▶ [What the task asks] What is needed is an exact copy of every line from the one containing "Handmade 6x10 area" through the end of the entries; please set it down without any pictures.

(Scraped caption text data)
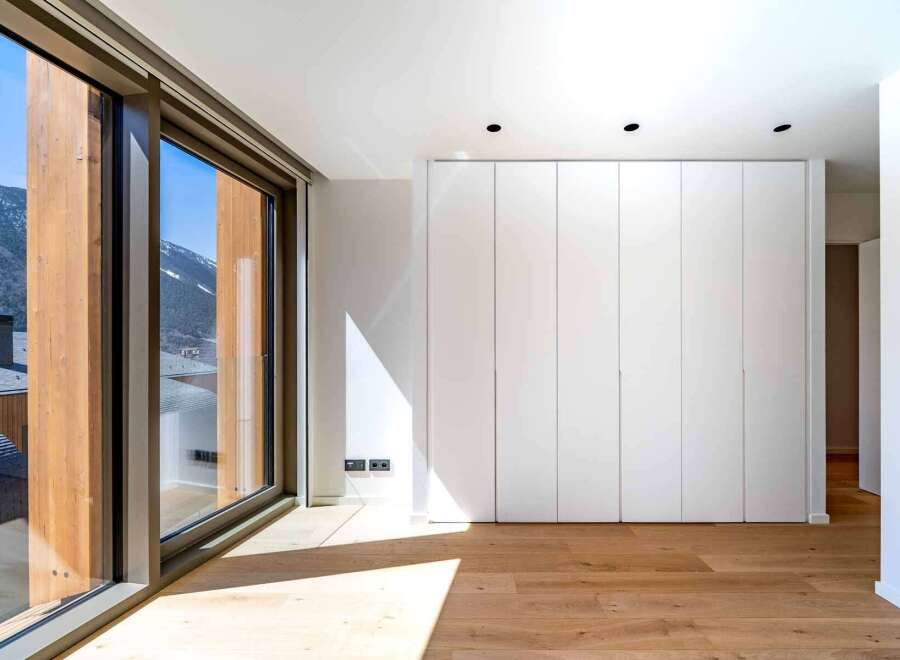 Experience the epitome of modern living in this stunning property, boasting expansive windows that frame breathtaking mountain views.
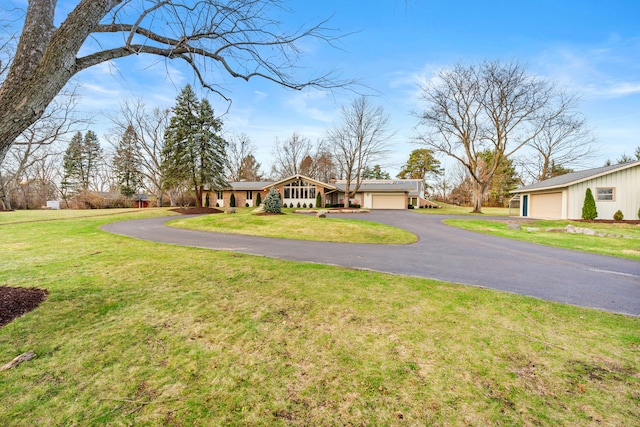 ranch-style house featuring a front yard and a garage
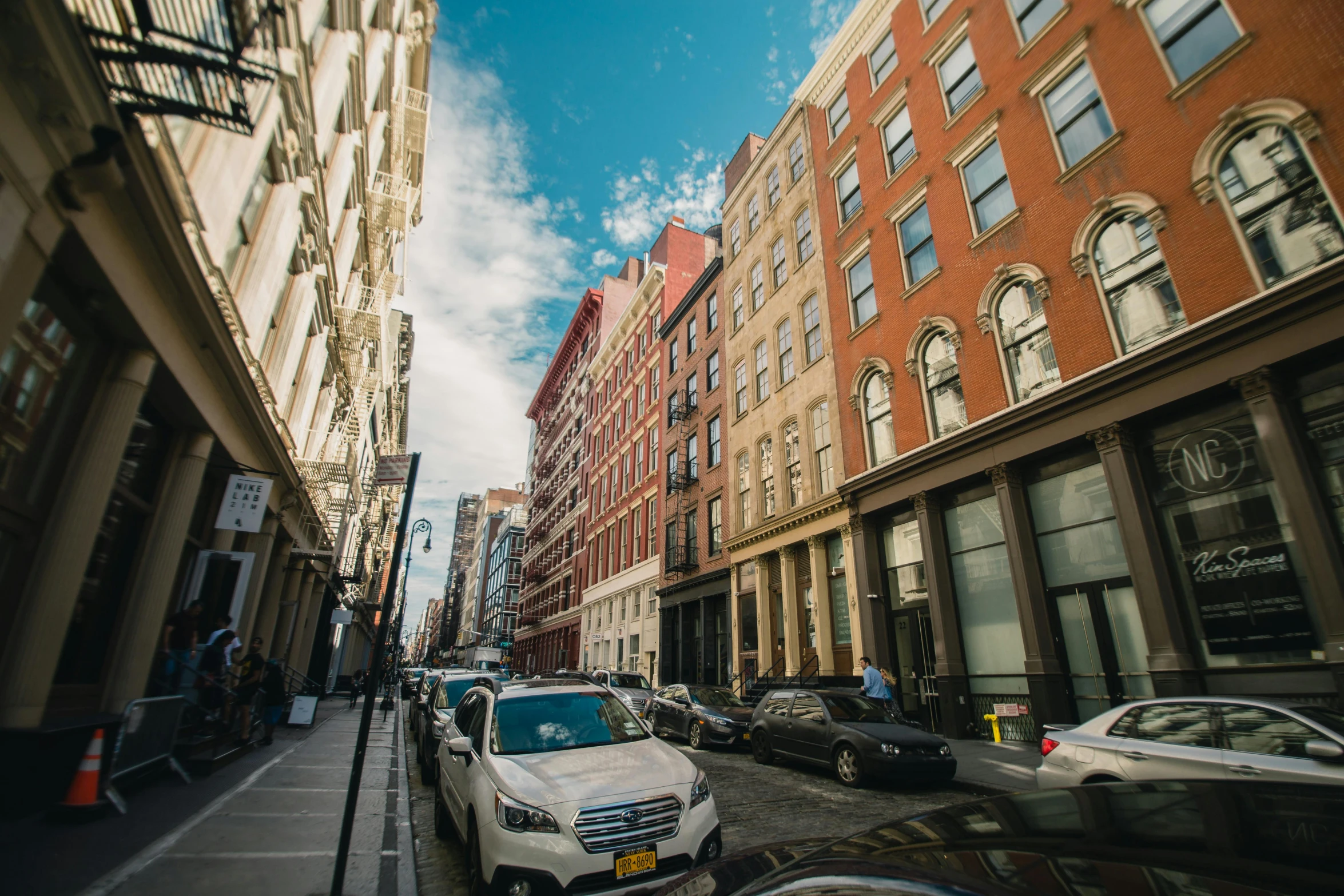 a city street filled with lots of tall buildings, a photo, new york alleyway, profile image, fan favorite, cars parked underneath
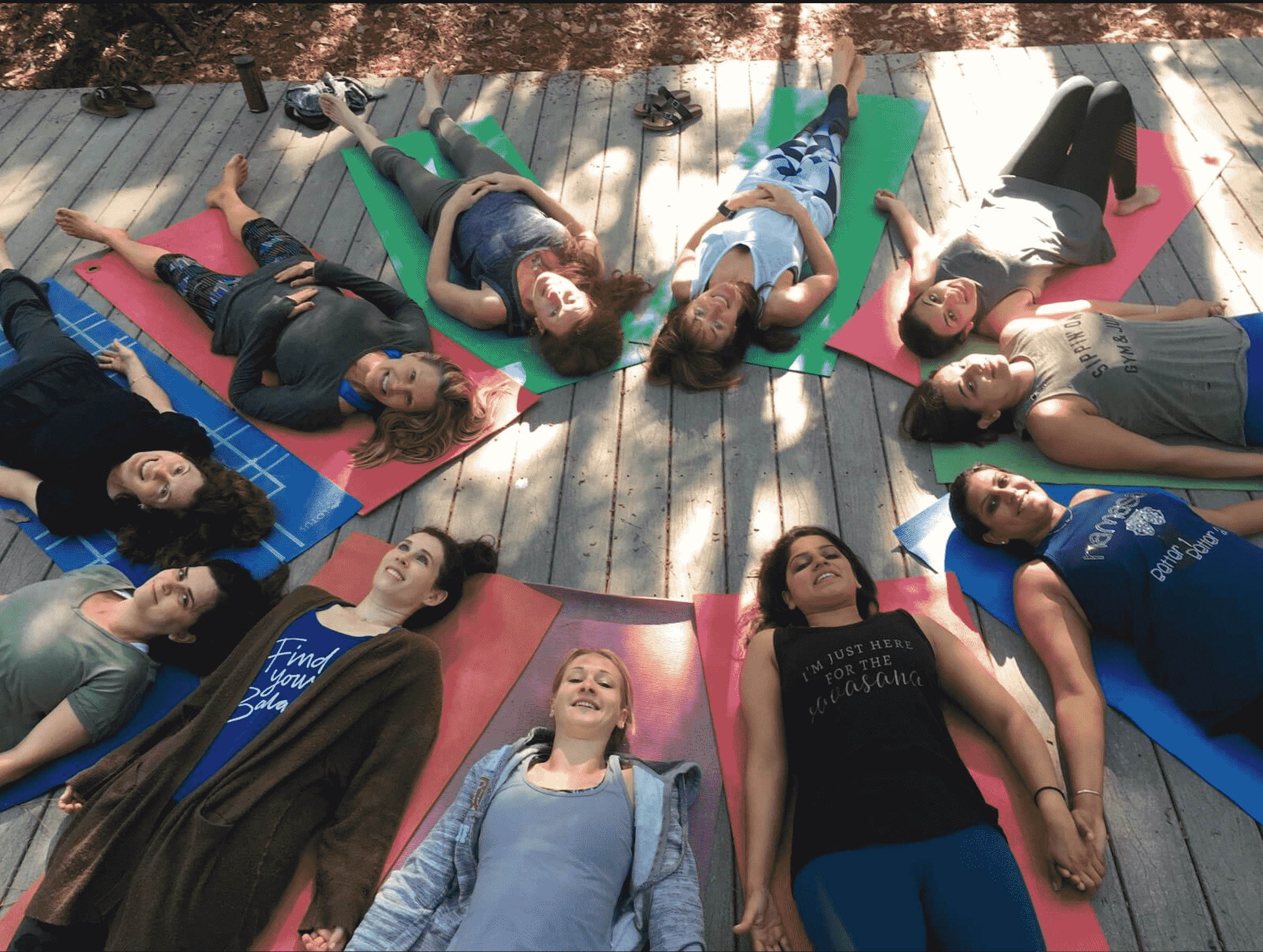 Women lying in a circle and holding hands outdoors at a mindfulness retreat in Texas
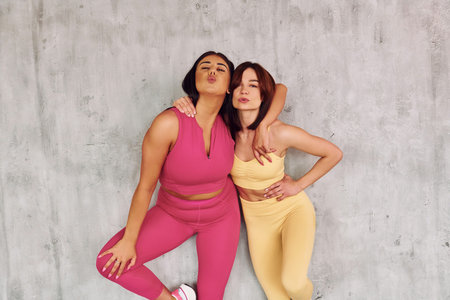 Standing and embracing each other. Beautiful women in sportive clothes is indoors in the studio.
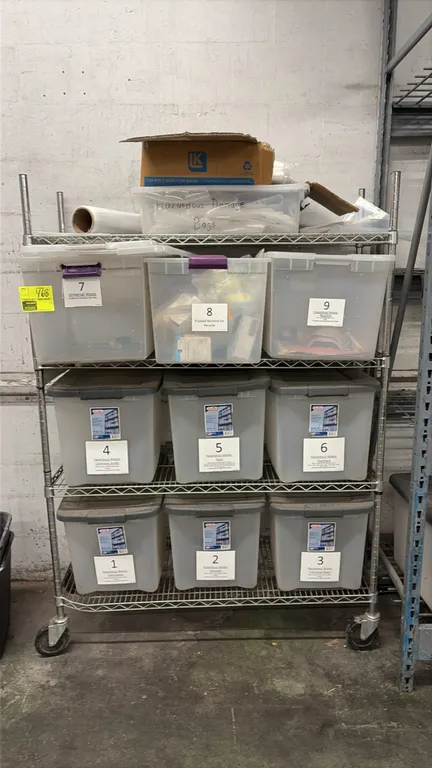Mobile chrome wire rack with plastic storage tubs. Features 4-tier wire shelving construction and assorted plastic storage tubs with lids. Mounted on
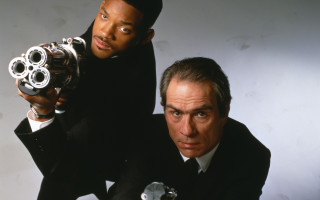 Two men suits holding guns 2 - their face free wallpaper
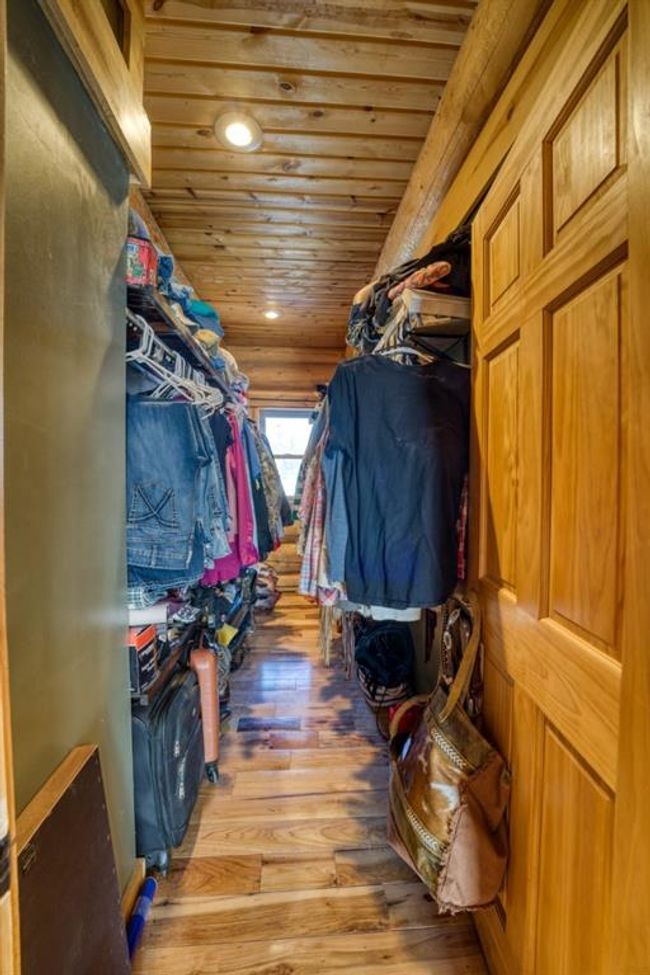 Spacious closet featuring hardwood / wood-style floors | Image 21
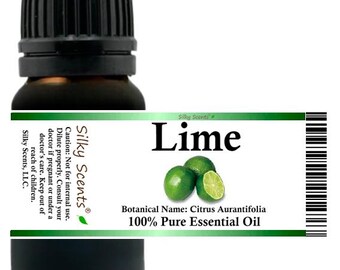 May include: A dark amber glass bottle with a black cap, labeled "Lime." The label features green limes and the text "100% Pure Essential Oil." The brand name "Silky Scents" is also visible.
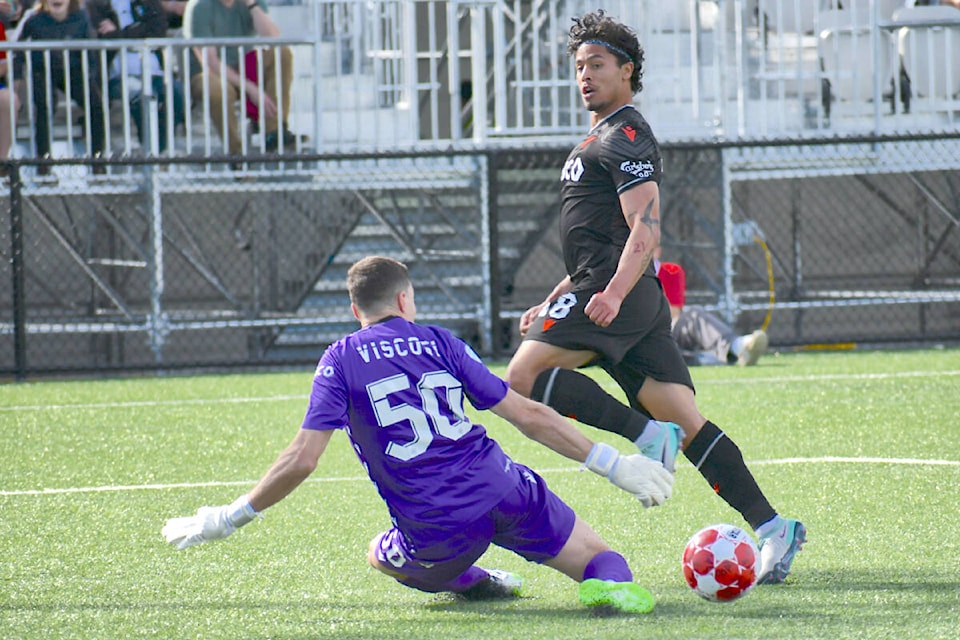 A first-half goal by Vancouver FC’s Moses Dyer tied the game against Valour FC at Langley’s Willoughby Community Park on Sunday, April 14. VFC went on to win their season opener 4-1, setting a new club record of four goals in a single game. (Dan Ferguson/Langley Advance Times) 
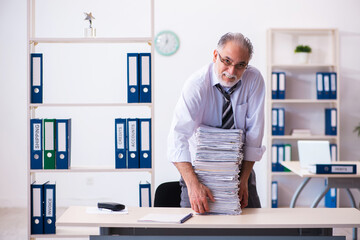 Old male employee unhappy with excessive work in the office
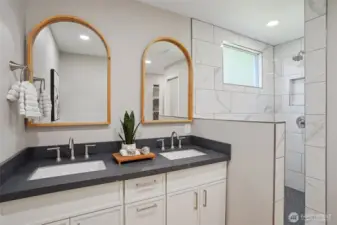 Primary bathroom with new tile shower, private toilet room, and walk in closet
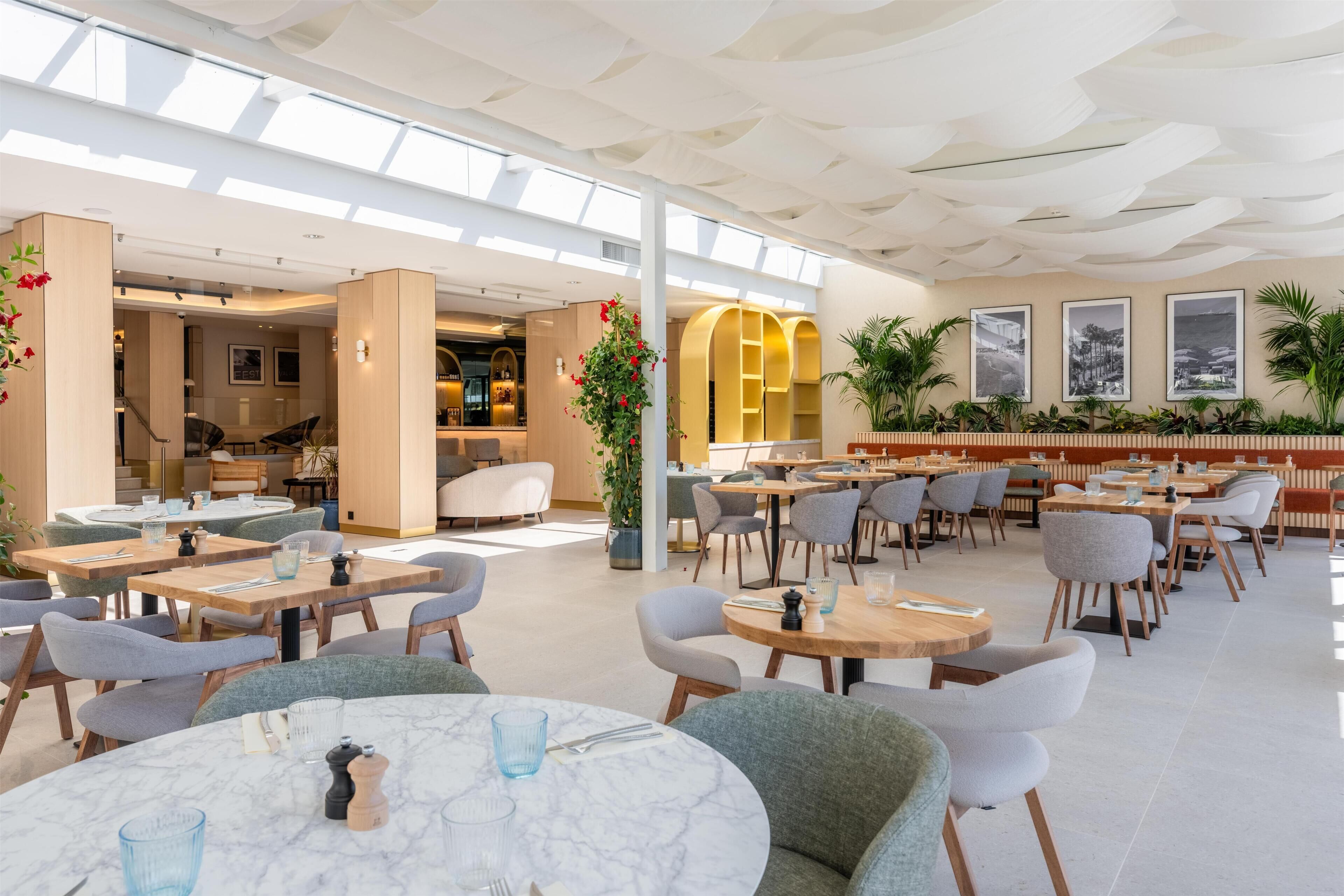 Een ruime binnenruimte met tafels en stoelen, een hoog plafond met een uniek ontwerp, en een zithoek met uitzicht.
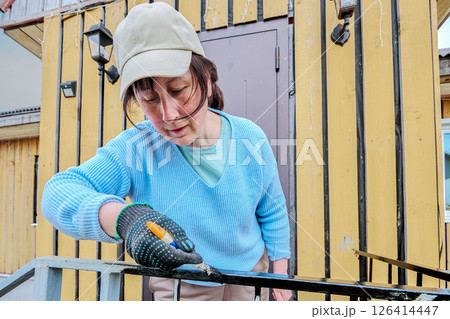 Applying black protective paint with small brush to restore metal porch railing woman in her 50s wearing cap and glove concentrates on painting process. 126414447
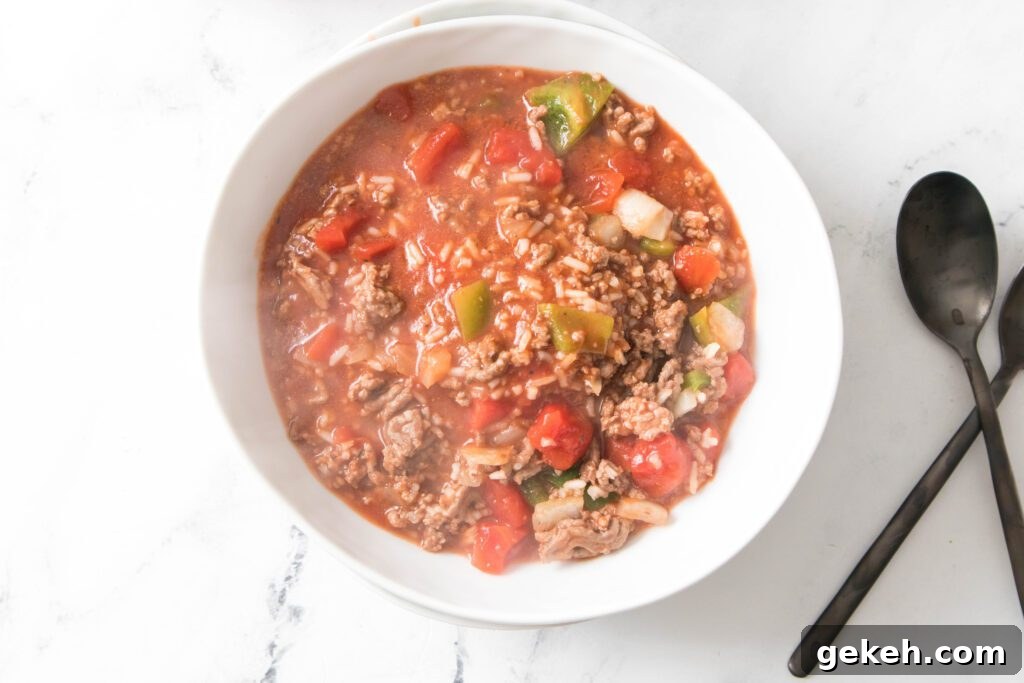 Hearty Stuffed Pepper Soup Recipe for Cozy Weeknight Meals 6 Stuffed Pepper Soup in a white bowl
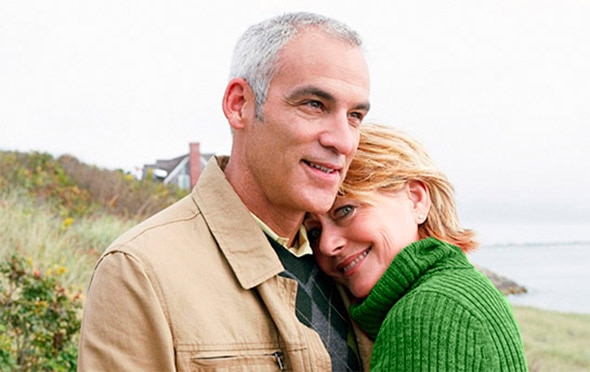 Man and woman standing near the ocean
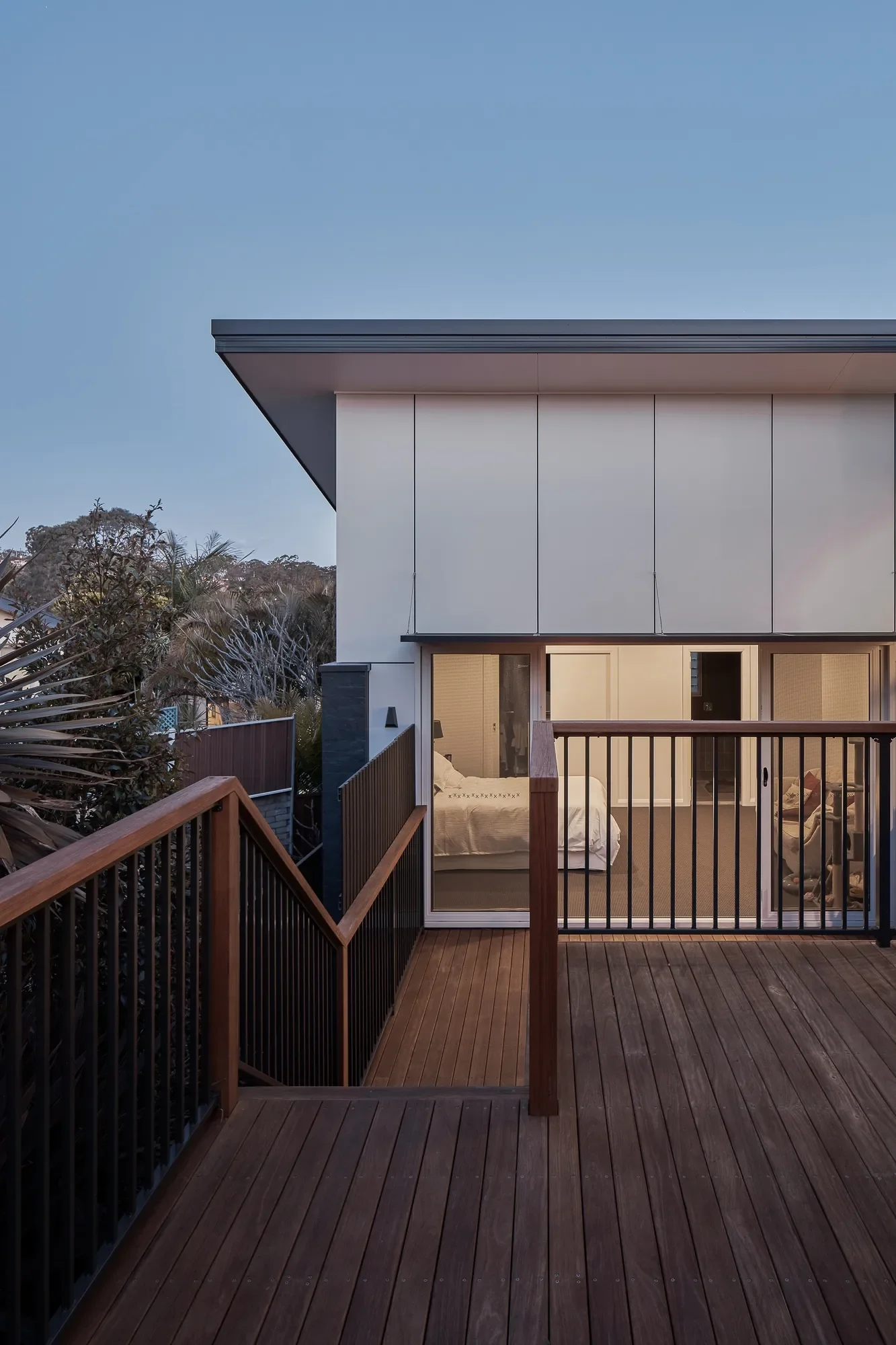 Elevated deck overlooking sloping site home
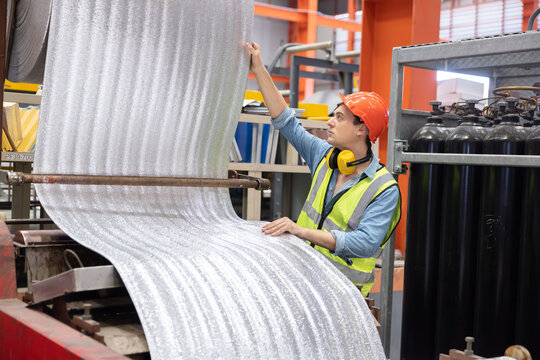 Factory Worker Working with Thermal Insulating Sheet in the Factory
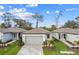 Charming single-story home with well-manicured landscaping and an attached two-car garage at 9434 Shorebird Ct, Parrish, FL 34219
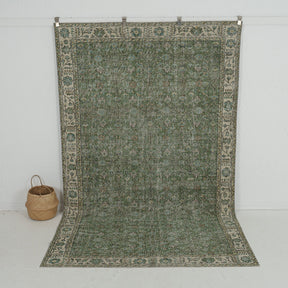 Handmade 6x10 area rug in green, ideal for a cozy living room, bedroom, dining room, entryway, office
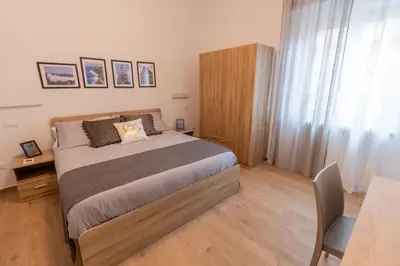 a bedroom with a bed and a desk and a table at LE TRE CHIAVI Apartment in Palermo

▶ [Task output]
 Handmade 6x10 area rug in green, ideal for a cozy living room, bedroom, dining room, entryway, office
 a bedroom with a bed and a desk and a table at LE TRE CHIAVI Apartment in Palermo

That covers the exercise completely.